2. Uluslararası ESEP Kongresi: Bilim, Doğa ve Tarih Bir Arada
Dr. Cemil KURT
Geçtiğimiz hafta, 2. Uluslararası ESEP (Eğitim Bilimleri ve Etkili Uygulamalar) Kongresi'ne katılmak üzere Kapadokya'ya, Nevşehir'e yolculuk ettim. Kongre, sadece bilimsel açıdan değil, aynı zamanda katılımcılara sunduğu doğal güzellikler ve tarihi atmosferle de bir şenlik havası taşıdı. Eğitim alanındaki en önemli buluşlardan bazılarına ev sahipliği yapan bu etkinlik, tam beş gün boyunca yurt içi ve yurt dışından onlarca akademisyen, Milli Eğitim Bakanlığı Merkez Teşkilatından uzmanlar ile Taşra Teşkilatından uygulayıcılar ve yüzlerce araştırmacıyı bir araya getirdi.
Kongrenin düzenlendiği üniversite ve kongre alanı, katılımcılara mükemmel bir ortam sundu. Kapadokya Üniversitesi’nin Mustafapaşa Kampüsü, hem fiziksel olarak etkileyici hem de teknolojik olarak tam donanımlıydı. Ayrıca, ikamet edilen yerler de son derece konforlu ve katılımcıların rahatça vakit geçirebilmesi için her detay düşünülmüştü. Eğitimdeki en yeni gelişmeleri tartışan oturumlar ve paylaşılan deneyimler, kongreyi neredeyse bir bilim şenliğine dönüştürdü.
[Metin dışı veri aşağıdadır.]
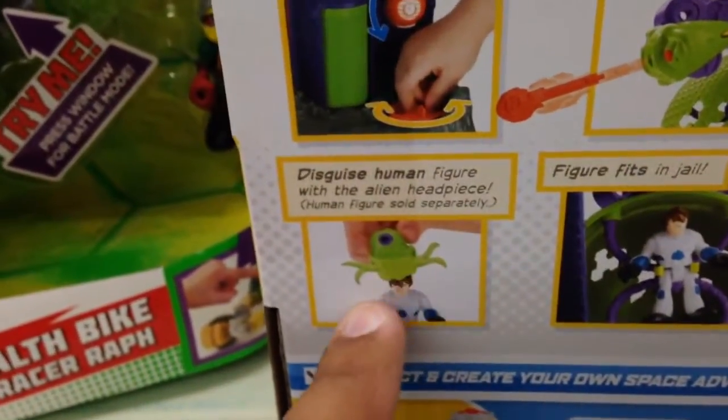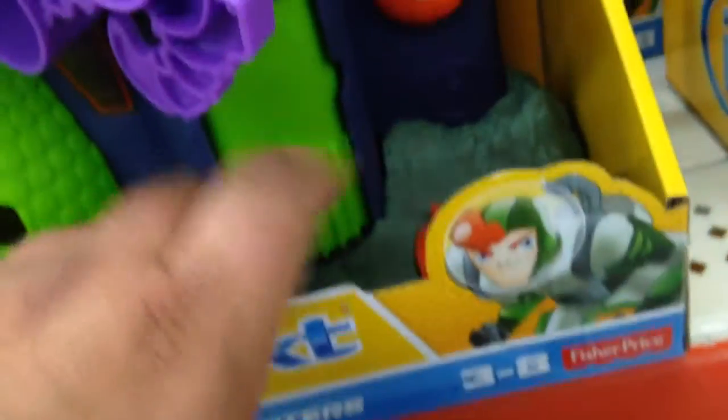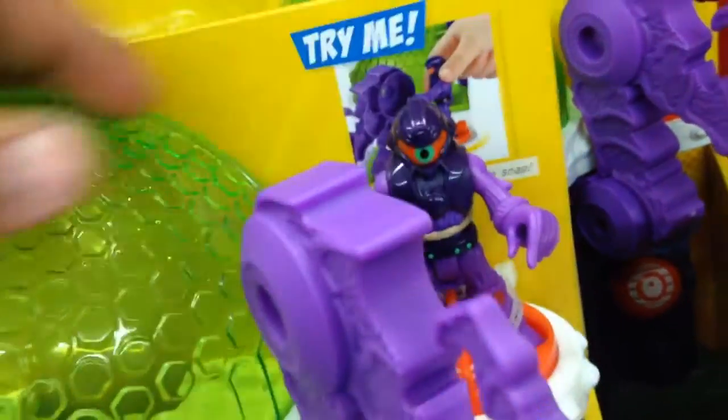The alien wasn't an alien — it was a human. And then the figure fits into the jail. You've got this one too, but this is just a helmet. It makes the human look like an alien, so he's disguised.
Kongrede, eğitimde sürdürülebilirlik ve inovasyon gibi kritik konularda derinlemesine tartışmalar yapıldı. Katılımcıların paylaştığı projeler, bu alanlarda ne kadar önemli adımlar atıldığını gösterdi.
Ben de kongrede iki bildiriyle yer aldım ve hem kendi çalışmalarımı sunma hem de başkalarının katkılarını dinleme fırsatı buldum. Kongreye katılmak, özellikle eğitimde inovatif yaklaşımların nasıl daha etkili hale getirilebileceği konusunda yeni bakış açıları edinmeme yardımcı oldu. Eminim diğer katılımcılar benzer kazanımlar içerisinde olmuştur. Her şeyin mükemmel bir şekilde organize edilmesi, bilimsel disiplinin öne çıktığı ve katılımcıların sürekli olarak etkileşimde bulunduğu bir ortam yaratmıştı.
Bu başarının arkasındaki isimlerden biri de kongreyi düzenleyen LEGADDER Genel Başkanı Gökhan Arıkan'dır. Arıkan’ın liderliğinde, kongreye olan katkıların her bir detayı özenle planlanmış ve titizlikle uygulanmış. Ayrıca, Çukurova Üniversitesine, Kapadokya Üniversitesine ve düzenleme komitesindeki tüm arkadaşlara, emeği geçen herkese teşekkürlerimi sunuyorum. Böyle kapsamlı ve düzenli bir organizasyonda yer almak, hem katılımcılar hem de organizatörler için unutulmaz bir deneyim olmuştu.
Kongrenin arka planındaki organizasyonun bu kadar etkili olmasının yanında, Kapadokya’nın eşsiz doğası ve tarihi atmosferi de etkileyiciydi. Göreme’nin benzersiz peri bacaları ve Mustafapaşa’nın tarihi dokusu, bilimsel bir etkinliğin sadece akademik boyutunu değil, aynı zamanda kültürel ve tarihi zenginliklerini de katılımcılara sunmuş oldu.
Sonuç olarak, 2. Uluslararası ESEP Kongresi, bilimsel paylaşımların ötesine geçerek, eğitim dünyasının geleceğini şekillendirecek yeni fikirlerin gelişmesine zemin hazırladı. Katılımcıların aktif yer aldığı, verimli ve dolu dolu geçen bu kongre, eğitim camiası için yeni umutlar ve fırsatlar sundu. Tüm bu başarıda emeği geçen herkese tekrar teşekkürlerimi sunuyor, gelecek yıllarda da bu tür organizasyonların artarak devam etmesini temenni ediyorum.